Without changing a character, return the entries, but not the images they hold.

# EXTRACTED DATA:

* * * * * * *

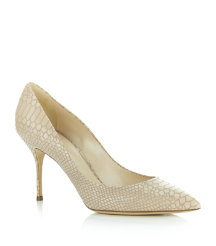 Sofie Leather Pump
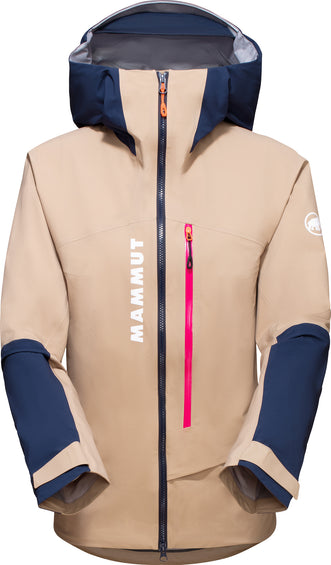 Mammut Aenergy Air Hardshell Hooded Jacket - Women's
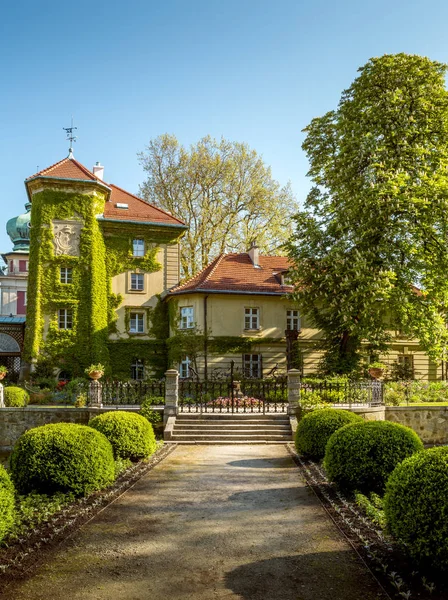 Castello di Lancut, Polonia — Foto Stock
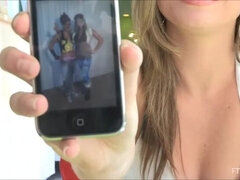 Fisting Fun: Carolyn's Solo Session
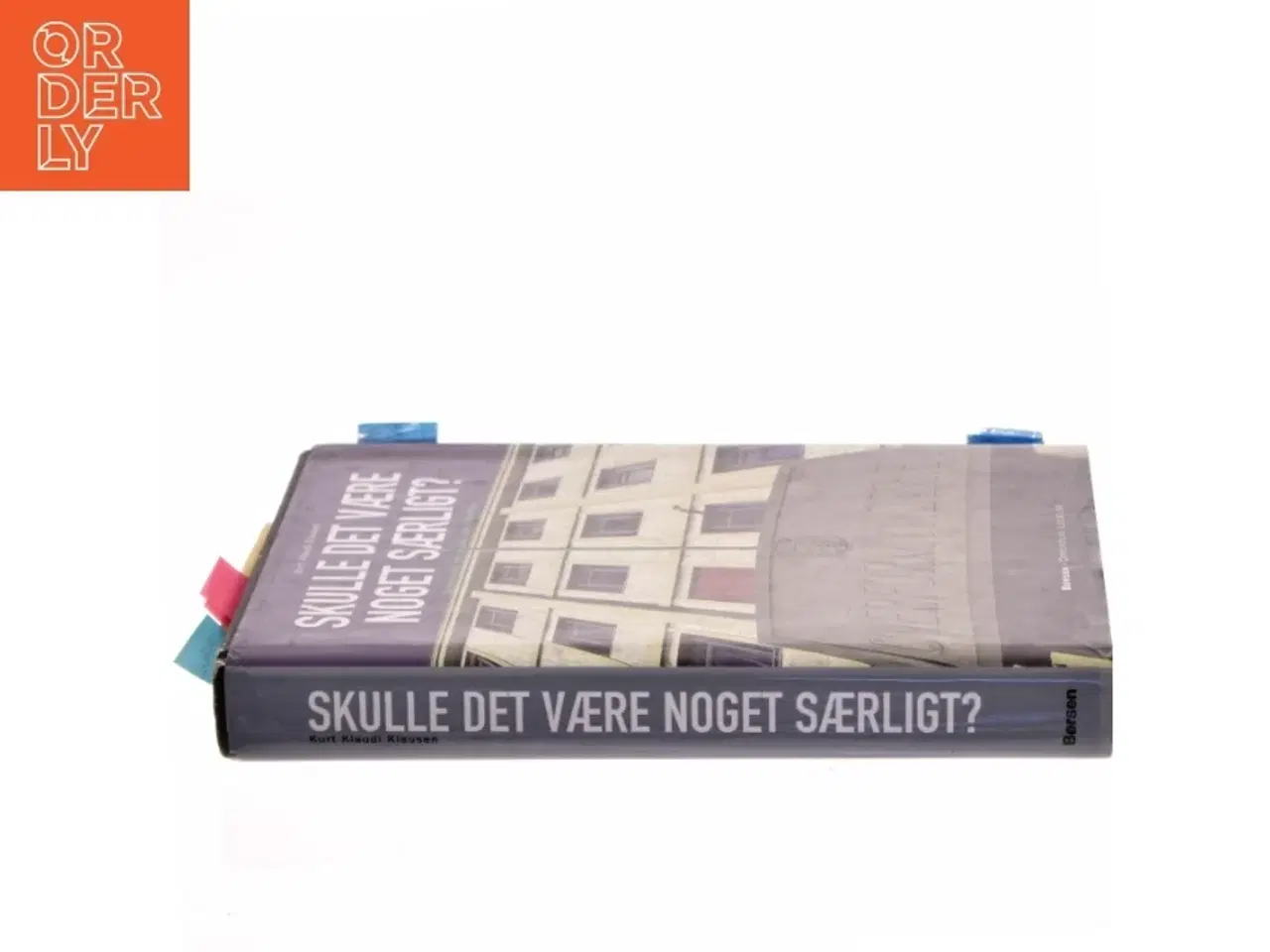 Billede 2 - Skulle det være noget særligt? : organisation og ledelse i det offentlige af Kurt Klaudi Klausen (Bog)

* * * * * * *

# TASK ANSWER:
 Sofie Leather Pump
 Mammut Aenergy Air Hardshell Hooded Jacket - Women's
 Castello di Lancut, Polonia — Foto Stock
 Fisting Fun: Carolyn's Solo Session
 Billede 2 - Skulle det være noget særligt? : organisation og ledelse i det offentlige af Kurt Klaudi Klausen (Bog)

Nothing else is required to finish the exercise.